For your information.

LC

lbb 07-02-2010 01:55 PM

Re: Aikido - Is there Randori? Is Aikido a Workout?
 
I think that if you want to systematically train for aerobic fitness, you're better off not counting on aikido to do it. In partner practice you can often get a good head of steam going simply by getting up as quickly as you can after taking ukemi, but you can't count on your partner being able to train as fast as you want, and your practice is periodically interrupted when sensei wants to demonstrate a new technique or illustrate a point. For aerobic fitness, I'd seek an outside activity where you can exercise continuously at whatever level will give you a training effect.

mickeygelum 07-02-2010 05:15 PM

Re: Aikido - Is there Randori? Is Aikido a Workout?
 
Alex, what city are you moving to?

There are Shodokan dojo in North Carolina, but not listed in the TAA website..

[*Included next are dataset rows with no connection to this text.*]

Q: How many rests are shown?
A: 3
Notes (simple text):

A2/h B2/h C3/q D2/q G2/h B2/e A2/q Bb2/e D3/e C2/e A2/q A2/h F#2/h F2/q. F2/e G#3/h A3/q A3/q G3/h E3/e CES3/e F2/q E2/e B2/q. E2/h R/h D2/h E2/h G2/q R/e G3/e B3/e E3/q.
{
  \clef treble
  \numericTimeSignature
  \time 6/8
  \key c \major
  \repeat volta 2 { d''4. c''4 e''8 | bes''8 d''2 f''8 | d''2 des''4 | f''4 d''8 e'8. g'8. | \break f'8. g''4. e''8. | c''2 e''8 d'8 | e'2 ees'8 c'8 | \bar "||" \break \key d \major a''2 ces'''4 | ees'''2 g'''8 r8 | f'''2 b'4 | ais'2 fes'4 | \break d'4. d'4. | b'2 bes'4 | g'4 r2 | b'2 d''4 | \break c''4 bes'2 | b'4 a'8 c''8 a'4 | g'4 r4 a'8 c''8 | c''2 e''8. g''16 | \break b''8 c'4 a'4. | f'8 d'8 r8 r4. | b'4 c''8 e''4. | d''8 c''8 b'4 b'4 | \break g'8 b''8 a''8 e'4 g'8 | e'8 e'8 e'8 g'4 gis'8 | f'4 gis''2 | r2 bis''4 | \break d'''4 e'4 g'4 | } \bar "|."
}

Eric Townsend Sensei at the University of North Carolina, Chapel Hill campus. erik_townsend@hotmail.com

Hope this helps you.

Train well,

Mickey

dps 07-02-2010 08:06 PM

Re: Aikido - Is there Randori? Is Aikido a Workout?
 
Quote:

Mary Malmros wrote: (Post 260484)
I think that if you want to systematically train for aerobic fitness, you're better off not counting on aikido to do it.

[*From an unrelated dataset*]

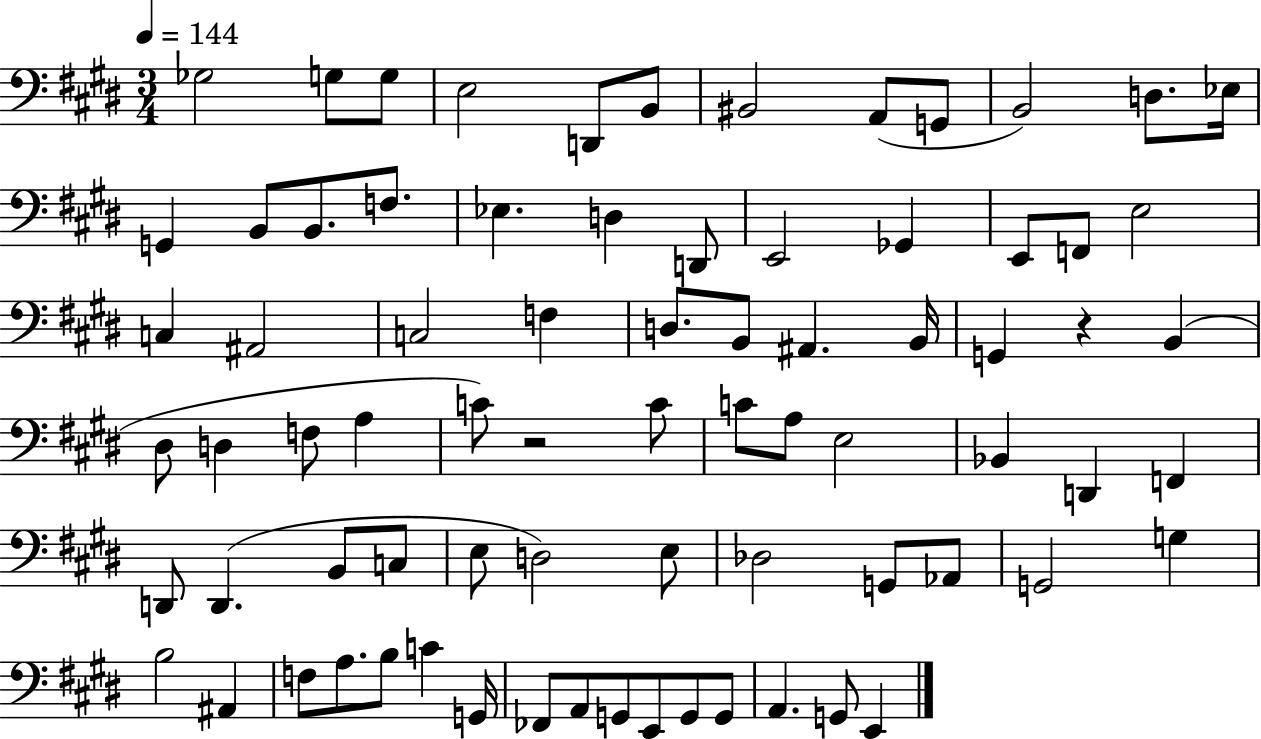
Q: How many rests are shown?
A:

If you trained in Shodokan Aikido you will find out it is a lot more aerobic than mainstream Aikido.

Quote:

Mary Malmros wrote: (Post 260484)
For aerobic fitness, I'd seek an outside activity where you can exercise continuously at whatever level will give you a training effect.

Like hopscotch, rope jumping, etc.



David

ninjaqutie 07-02-2010 10:18 PM

Re: Aikido - Is there Randori? Is Aikido a Workout?
 
I get a work out most classes in my dojo. I think it depends on the dojo, the training environment and also your partner. Most of my partners feel free to toss me around and I hop back up for more. I think sensei likes using me partially because of that. You can make it more active just by making sure your moving. If your working with a beginner, obviously things will be slowed down. If cardio is your main goal though, I think you may find better results elsewhere. HOWEVER, if you are interested in aikido I think you will get some decent cardio. Go check out your local dojo and pick one that caters more to what you are looking for.

RED 07-02-2010 10:46 PM

Re: Aikido - Is there Randori? Is Aikido a Workout?
 
Quote:

Mary Malmros wrote: (Post 260484)
I think that if you want to systematically train for aerobic fitness, you're better off not counting on aikido to do it.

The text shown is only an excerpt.